Ask me no questions... governance law retains right to hide expenses

'Negative silence' response leaves disclosure up to individual public bodies

María Fabra

All members of the Spanish lower house without an official car get a credit card that allows them to spend up to 3,000 euros a year on taxis. Deputies are under no obligation to justify these trips, nor is it possible to know whether any of them return part of the money at year's end. Although the exact amount set aside for this purpose is unknown, it is encoded into congressional rules.

The Standing Committee, the house's internal management body, refuses to reveal the details of official trips paid for with taxpayers' money.
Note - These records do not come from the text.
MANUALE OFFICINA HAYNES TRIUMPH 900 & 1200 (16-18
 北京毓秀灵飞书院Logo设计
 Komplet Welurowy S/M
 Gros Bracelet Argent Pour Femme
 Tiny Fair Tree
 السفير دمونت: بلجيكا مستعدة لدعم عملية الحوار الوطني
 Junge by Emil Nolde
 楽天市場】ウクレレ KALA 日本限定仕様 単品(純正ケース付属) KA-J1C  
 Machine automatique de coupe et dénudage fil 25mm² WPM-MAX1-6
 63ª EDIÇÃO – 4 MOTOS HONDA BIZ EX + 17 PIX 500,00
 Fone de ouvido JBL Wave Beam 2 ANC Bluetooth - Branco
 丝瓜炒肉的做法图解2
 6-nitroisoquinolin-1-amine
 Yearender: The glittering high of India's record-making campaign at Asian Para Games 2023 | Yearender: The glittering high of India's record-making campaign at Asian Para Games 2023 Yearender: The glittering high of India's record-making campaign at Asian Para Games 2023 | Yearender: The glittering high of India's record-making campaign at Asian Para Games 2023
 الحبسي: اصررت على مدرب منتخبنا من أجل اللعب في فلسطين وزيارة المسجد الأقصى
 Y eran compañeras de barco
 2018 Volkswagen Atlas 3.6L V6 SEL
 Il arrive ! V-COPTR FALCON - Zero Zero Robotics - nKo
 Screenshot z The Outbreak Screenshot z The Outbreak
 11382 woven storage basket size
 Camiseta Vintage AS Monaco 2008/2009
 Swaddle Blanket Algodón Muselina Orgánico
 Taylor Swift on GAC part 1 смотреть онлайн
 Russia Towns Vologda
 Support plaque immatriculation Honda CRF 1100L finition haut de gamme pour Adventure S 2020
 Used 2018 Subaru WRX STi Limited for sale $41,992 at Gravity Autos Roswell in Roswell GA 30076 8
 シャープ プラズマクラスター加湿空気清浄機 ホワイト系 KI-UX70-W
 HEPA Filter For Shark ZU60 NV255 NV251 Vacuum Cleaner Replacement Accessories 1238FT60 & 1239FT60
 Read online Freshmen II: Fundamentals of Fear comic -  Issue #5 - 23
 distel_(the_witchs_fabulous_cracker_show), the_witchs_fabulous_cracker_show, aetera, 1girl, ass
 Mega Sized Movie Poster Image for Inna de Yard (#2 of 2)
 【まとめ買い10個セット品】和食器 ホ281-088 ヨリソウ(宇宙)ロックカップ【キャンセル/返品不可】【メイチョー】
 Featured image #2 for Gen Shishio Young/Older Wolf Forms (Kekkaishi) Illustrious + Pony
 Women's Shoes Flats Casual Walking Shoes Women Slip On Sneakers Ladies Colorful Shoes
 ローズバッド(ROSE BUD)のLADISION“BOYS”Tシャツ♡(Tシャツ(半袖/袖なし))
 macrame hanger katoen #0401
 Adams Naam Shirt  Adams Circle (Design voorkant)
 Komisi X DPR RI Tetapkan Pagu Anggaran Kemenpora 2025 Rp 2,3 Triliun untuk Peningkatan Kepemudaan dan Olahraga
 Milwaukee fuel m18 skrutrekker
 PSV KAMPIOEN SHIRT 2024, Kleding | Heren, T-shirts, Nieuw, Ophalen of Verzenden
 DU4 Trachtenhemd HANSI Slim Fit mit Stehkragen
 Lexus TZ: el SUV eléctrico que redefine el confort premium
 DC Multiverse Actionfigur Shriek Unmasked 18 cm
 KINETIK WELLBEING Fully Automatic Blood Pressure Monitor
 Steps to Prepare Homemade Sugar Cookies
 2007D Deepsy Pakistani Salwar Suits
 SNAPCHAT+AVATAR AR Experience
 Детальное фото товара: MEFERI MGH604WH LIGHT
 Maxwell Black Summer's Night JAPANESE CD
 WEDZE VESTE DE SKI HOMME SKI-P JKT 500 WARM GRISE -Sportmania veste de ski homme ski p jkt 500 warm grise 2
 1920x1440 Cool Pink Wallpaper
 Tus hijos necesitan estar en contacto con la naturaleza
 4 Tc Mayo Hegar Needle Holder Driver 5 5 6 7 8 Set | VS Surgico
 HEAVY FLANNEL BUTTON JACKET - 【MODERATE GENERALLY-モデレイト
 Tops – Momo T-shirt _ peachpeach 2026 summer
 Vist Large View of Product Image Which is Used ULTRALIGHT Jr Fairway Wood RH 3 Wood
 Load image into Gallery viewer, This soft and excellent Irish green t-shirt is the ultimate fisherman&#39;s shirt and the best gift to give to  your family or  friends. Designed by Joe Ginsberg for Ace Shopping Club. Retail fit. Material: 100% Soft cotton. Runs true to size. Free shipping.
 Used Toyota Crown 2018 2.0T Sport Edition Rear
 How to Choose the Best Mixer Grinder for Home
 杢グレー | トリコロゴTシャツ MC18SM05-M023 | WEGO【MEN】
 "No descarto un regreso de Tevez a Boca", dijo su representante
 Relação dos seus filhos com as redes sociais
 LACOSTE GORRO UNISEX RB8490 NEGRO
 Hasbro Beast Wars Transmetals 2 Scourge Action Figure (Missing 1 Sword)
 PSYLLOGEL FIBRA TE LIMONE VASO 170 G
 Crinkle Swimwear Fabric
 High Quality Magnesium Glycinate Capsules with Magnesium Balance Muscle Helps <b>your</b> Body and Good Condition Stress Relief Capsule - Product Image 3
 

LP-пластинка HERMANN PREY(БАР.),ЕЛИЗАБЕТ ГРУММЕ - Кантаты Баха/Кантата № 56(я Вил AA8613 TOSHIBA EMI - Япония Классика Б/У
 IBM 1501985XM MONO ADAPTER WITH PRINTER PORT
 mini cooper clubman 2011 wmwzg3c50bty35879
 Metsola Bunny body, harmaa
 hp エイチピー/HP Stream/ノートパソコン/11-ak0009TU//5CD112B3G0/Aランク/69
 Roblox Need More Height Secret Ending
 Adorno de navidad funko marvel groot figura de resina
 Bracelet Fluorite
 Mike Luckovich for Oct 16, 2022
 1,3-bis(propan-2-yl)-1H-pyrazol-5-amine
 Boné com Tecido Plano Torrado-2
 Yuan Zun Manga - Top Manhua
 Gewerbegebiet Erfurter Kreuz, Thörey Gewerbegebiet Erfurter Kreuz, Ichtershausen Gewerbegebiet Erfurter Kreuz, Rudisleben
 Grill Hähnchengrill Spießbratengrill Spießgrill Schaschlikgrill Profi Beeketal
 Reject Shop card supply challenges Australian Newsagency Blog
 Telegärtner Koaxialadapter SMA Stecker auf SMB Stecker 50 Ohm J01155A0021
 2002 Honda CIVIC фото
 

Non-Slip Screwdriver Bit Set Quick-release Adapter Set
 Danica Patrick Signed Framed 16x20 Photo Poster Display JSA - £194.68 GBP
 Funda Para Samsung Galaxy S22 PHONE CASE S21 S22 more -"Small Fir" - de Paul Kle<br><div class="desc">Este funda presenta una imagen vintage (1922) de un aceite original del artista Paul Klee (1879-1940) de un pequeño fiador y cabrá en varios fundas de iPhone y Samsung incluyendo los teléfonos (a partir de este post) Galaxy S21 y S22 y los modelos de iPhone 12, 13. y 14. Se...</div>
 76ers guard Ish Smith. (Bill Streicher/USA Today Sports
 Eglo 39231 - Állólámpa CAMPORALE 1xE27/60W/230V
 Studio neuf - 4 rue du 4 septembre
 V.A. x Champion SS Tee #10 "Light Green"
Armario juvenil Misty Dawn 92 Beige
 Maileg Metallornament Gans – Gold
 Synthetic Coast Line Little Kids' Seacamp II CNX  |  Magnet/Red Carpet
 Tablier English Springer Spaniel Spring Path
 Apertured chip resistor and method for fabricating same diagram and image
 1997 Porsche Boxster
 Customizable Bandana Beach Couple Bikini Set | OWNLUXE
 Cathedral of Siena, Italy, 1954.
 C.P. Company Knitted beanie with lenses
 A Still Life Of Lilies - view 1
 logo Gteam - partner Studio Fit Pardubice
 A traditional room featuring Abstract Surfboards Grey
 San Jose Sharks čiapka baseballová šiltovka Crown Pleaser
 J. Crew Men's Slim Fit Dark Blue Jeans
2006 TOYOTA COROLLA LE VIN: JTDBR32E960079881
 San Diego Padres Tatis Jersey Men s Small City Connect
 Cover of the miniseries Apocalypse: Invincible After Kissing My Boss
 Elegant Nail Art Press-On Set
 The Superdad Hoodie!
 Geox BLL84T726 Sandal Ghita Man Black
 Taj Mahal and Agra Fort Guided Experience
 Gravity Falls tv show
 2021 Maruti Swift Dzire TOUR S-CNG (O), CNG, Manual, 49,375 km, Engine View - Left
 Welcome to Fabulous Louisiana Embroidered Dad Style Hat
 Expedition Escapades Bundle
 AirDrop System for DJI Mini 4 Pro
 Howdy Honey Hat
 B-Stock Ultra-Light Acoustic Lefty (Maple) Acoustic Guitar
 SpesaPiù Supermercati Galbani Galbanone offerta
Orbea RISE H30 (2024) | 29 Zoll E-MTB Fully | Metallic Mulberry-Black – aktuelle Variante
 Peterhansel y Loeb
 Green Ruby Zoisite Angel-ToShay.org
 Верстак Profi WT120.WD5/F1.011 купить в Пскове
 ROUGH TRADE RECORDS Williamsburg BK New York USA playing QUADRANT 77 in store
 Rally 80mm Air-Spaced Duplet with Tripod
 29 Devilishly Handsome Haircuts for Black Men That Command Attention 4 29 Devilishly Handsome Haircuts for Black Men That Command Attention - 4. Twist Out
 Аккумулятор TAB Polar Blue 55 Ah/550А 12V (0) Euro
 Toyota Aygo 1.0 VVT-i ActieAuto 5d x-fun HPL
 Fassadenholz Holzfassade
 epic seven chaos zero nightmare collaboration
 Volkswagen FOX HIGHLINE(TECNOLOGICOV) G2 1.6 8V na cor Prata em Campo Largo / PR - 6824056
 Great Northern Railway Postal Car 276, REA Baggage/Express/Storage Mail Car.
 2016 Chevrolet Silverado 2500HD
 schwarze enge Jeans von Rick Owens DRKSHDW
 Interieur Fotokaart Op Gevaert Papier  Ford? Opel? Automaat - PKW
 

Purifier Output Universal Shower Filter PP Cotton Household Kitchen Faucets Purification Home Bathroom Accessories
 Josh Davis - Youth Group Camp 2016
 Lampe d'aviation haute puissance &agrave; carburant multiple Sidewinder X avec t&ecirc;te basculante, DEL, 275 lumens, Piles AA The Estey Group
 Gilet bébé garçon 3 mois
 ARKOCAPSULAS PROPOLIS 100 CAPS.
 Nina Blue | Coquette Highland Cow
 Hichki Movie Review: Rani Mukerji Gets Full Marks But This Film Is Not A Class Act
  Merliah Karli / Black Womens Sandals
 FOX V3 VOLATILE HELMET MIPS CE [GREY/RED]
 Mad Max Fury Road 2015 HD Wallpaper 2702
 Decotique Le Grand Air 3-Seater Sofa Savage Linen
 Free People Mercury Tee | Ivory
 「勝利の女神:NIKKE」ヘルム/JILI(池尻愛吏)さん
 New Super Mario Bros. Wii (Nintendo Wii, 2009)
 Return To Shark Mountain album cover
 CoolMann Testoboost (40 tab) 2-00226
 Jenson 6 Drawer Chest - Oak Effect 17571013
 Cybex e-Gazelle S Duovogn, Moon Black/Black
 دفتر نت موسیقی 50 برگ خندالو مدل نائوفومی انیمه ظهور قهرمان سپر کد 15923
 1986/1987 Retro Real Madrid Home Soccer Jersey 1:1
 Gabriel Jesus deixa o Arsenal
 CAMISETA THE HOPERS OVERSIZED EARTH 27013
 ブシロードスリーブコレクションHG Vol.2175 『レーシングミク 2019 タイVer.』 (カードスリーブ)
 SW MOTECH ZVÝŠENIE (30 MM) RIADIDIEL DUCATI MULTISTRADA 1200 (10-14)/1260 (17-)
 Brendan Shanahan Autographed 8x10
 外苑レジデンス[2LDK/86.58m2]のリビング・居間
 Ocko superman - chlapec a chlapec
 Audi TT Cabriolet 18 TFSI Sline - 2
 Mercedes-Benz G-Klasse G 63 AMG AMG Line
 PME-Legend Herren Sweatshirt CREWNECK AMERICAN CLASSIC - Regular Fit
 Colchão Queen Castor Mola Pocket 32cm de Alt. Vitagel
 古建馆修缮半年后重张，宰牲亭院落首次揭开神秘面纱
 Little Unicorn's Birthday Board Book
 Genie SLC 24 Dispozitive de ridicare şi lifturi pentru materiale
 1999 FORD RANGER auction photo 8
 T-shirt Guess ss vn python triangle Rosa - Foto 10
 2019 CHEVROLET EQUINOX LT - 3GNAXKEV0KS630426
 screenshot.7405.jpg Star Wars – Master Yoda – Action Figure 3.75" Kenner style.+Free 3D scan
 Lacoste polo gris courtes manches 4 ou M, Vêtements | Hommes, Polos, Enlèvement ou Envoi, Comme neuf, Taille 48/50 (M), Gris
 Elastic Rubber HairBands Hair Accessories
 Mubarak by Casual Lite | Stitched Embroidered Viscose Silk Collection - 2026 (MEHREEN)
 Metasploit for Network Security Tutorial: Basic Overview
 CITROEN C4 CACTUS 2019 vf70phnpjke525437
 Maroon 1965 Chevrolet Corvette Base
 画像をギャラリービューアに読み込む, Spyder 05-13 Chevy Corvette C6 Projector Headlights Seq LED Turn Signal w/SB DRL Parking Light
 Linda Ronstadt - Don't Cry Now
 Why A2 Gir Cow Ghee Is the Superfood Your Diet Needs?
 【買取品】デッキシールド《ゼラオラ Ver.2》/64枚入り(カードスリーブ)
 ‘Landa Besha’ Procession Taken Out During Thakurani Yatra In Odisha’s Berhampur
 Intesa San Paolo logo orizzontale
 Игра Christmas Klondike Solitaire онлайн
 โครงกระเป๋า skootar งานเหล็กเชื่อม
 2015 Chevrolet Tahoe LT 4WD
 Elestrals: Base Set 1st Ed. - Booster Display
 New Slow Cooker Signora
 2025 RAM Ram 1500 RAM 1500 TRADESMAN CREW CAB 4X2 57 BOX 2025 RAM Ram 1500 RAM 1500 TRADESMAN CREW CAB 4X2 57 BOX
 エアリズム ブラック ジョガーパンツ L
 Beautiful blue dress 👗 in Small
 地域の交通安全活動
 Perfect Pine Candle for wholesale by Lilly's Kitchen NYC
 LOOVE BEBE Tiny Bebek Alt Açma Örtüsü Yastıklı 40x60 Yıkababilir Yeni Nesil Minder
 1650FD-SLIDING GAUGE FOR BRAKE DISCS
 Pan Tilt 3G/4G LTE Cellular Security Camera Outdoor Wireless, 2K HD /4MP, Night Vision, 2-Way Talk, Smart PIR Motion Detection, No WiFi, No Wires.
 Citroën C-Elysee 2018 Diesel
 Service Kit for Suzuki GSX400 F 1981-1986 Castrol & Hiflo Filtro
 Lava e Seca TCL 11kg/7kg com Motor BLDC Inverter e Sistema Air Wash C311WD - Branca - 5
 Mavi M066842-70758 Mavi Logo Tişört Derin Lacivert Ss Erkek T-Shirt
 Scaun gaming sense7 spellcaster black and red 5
The Constitution sets out citizens' right to information, but public agencies are all too often extremely uncooperative. By citing other laws or simply saying "we don't have that information," it becomes very complicated, if not downright impossible, to know how our money is being spent.

The government has created a draft Transparency Law forcing public institutions to make information about contracts, subsidies, financial aid, annual programs and organizational charts publicly available. On unveiling the first draft in the spring, Deputy Prime Minister Soraya Sáenz de Santamaría announced that "the law will restore credibility to public administration." But by including 'negative silence' as an accepted response to any request for information, without so much as explaining the reasons why, the law leaves it up to each public body to decide whether it wants to release information that is currently secret. The following are a few examples.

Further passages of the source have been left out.